Showing posts with label Twitter. Show all posts
Showing posts with label Twitter. Show all posts

Tuesday, July 31, 2018

I Will Return (Probably)

Here is the problem with trying to return to my blog. I have no idea what to write about. So apparently, I am going to write about not knowing what to write about.

I quit blogging for Twitter. And then I quit Twitter because it sucks. I have Facebook, but it's really just to post pics of my kid so distant family can see her, and to brag about my travels. I'm too old for Snapchat and mostly dgaf about Instagram. I miss having a place to just write, whether it's in-depth feelings about something or just quick hits of random thoughts. So it seems like going back to blogging might be a good solution for me.

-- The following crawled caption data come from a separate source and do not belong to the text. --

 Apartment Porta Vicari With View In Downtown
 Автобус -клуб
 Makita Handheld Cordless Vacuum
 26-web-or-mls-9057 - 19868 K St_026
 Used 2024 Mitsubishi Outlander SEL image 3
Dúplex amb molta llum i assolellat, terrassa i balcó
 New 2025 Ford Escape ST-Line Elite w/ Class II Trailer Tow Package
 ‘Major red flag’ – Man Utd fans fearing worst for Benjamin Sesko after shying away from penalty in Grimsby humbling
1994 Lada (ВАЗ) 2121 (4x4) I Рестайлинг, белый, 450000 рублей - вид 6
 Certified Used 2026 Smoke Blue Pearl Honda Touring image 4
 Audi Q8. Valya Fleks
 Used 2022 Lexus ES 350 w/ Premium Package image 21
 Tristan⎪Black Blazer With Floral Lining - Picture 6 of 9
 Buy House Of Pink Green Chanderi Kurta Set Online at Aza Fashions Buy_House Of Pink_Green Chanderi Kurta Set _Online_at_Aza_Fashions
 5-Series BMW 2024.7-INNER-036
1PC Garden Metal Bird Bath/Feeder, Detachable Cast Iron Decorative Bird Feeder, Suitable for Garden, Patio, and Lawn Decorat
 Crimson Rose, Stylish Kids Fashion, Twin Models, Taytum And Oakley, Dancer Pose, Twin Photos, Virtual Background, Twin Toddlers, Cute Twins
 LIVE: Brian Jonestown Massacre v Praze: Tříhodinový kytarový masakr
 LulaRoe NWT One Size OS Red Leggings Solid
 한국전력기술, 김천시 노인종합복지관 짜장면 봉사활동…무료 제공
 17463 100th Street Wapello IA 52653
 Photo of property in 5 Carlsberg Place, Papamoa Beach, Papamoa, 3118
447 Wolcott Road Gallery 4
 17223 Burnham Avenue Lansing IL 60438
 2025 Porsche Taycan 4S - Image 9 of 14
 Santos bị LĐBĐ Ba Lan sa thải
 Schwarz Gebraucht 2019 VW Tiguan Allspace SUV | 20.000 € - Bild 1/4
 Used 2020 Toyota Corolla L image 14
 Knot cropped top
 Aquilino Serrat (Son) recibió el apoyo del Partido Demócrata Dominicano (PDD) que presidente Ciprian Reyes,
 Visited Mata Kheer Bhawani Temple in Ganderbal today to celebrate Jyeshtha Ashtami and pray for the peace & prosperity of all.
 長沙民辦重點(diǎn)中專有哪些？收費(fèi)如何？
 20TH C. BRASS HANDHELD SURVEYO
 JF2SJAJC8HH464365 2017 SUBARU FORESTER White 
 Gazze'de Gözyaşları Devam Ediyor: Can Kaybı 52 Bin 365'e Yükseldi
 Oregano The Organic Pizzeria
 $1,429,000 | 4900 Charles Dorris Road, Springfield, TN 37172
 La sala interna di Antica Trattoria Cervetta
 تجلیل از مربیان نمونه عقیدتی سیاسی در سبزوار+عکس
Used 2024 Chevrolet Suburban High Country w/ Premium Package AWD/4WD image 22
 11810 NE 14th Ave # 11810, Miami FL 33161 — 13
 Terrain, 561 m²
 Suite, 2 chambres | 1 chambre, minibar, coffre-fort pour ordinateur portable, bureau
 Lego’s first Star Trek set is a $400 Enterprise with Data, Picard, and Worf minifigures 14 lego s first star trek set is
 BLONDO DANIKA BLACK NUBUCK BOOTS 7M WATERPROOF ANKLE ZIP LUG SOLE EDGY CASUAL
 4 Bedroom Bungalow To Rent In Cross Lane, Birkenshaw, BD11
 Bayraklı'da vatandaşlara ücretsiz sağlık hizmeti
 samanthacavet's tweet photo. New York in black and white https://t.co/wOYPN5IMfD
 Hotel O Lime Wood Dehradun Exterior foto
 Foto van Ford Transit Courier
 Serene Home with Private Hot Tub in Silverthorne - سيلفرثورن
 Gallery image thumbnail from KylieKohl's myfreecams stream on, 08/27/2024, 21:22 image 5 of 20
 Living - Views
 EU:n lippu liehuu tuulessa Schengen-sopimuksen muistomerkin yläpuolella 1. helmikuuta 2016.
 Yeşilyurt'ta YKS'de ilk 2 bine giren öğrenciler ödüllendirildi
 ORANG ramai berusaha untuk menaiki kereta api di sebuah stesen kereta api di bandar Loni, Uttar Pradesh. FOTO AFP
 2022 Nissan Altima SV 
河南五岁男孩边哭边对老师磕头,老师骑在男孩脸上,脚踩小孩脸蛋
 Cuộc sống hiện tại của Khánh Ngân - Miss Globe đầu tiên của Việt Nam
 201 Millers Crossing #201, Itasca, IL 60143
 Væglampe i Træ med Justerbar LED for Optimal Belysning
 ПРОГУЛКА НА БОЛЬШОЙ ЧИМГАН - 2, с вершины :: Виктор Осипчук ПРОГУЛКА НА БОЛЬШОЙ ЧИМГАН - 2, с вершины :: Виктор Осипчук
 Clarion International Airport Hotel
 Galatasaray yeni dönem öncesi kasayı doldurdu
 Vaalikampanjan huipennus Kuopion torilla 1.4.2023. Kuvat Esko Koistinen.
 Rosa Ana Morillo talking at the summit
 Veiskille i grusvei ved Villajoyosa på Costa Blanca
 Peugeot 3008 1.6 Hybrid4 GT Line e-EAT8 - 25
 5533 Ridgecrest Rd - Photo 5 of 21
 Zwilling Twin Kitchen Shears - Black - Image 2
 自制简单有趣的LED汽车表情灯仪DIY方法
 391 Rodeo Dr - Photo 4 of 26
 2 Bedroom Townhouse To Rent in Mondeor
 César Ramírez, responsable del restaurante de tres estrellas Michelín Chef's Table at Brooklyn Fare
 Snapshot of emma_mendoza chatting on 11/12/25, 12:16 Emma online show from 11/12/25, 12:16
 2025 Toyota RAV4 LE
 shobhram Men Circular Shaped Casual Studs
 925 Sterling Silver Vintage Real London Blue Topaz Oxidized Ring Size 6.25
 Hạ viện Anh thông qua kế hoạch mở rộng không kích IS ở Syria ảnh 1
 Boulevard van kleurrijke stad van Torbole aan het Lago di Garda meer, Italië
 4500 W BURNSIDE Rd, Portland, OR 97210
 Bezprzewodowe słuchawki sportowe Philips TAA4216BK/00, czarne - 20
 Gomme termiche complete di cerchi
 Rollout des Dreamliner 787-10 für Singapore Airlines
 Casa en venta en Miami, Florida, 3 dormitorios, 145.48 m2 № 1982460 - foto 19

But when it comes down to it, I don't know what to write anymore. I have so many opinions and a lot to say, but when I sit down to write, I can't find the topics. I mean, an obvious one for me is politics, since it occupies such a yuuuuge part of my brain, but at some point I need a mental break from the dumpster fire that our Cheeto Overlord hath wrought upon us. I don't feel like writing about his traitorous ass, honestly. Another topic is just life in general, because I have a lot to say about what's up with me. My life is good and my life is fun. That's what I should be able to talk about here. But I don't know who might someday re-find my blog and read something mean-ish that I've said about them. I don't want to hurt the people I care about. (If I don't care about you? Well, you are probably mostly fucked if I get back into this blogging thing.) Travel? Yeah, I guess I could talk about that. It's something I am passionate about and even on our shortest trips there are a million stories I could share. If you knew how many travel blogs I have started and then never posted a single entry...yeah, I just don't think I am cut out for writing all the details of my trips with hotel reviews and recommendations and all that. That's not for me.

Really, when it comes down to it, the truth is that no one reads this. No one. Not even me, mostly. So I can say whatever I want, I suppose. I would love a place where I can let loose the way I used to, where I can talk about how crazy I can be and rant and rave about stupid tv shows and recap drunken soirees and be silly.

I don't know. I think I am just going to set a goal to write something, anything, even something as meaningless and time-wastey as what I have just written, just to get that writing muscle going inside me again.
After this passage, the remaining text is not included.